BURTON, Mich. — General Motors, amid contract negotiations with the UAW, on Monday celebrated the opening of a $65 million parts processing center outside Flint, Mich., that will employ more than 800 workers.
It marks GM's largest investment in a U.S. warehouse and logistics facility in nearly 40 years, said Tim Turvey, GM global vice president of customer care and aftersales, although no new jobs are being created.
The 1.1 million square-foot ACDelco and GM Genuine Parts Processing center, which started making deliveries in June, replaces smaller operations nearby and in West Chester, Ohio. It's the primary packaging and shipping location for GM's Customer Care and Aftersales business in North America, sending parts to distribution centers across the U.S. and Canada.
"The other [Burton plant] was really too small, and obviously, we needed to consolidate operations. It was inefficient to have two different operations," Turvey told reporters. "We have international operations, packaging operations. We consolidated them into one facility here, and it's just more efficient for us to provide better service to our dealers and to our customers."
The consolidation will result in GM dealers getting better service and more accurate parts orders, he added.

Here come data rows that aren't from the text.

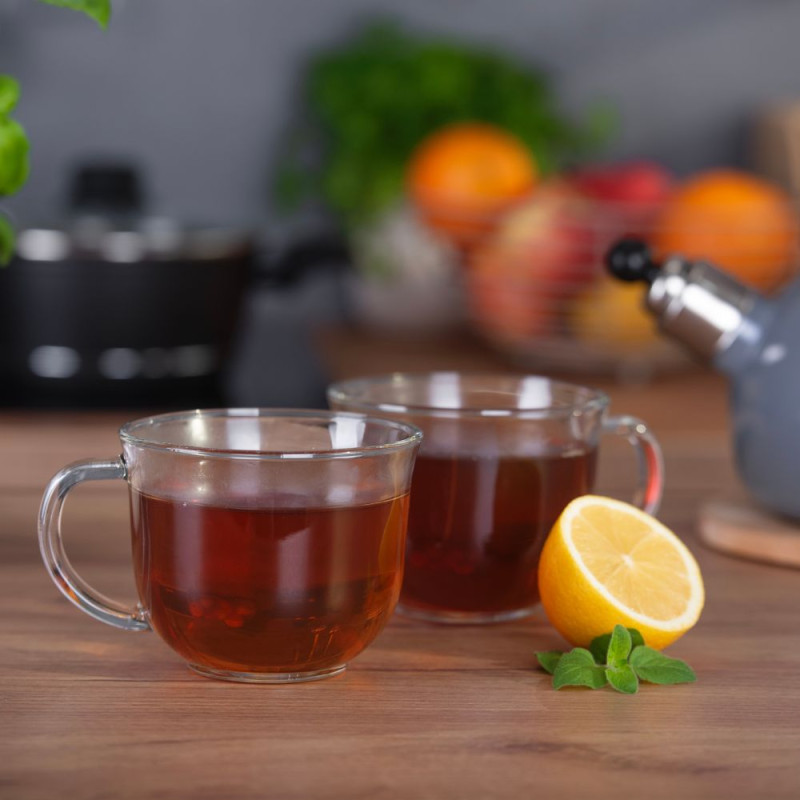 Kubek LEO 480ml 29116 (tacka 6 sztuk)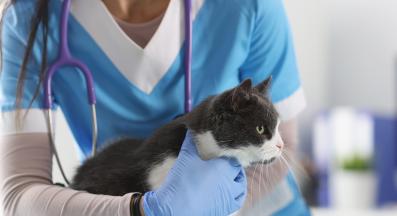 котка ветеринар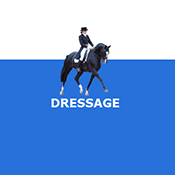Dressage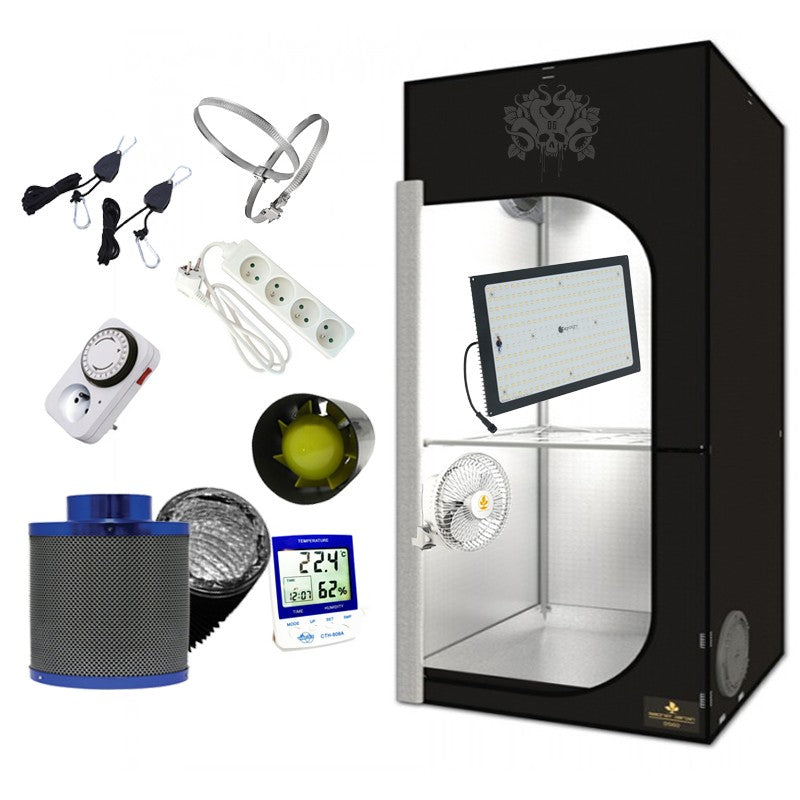 PACK DARK STREET STAR 100 - SECRET JARDIN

GM already has closed the plant in West Chester, which is near Cincinnati, and is almost done decommissioning the previous Burton plant, he said.
About 120 of the Ohio plant's 200 workers and all 700 from the old Burton plant transferred to the new processing center.
The facility will restock inventories at parts distribution centers that serve GM dealerships, package parts into instructional service kits and prepare parts shipments to customers in 35 countries.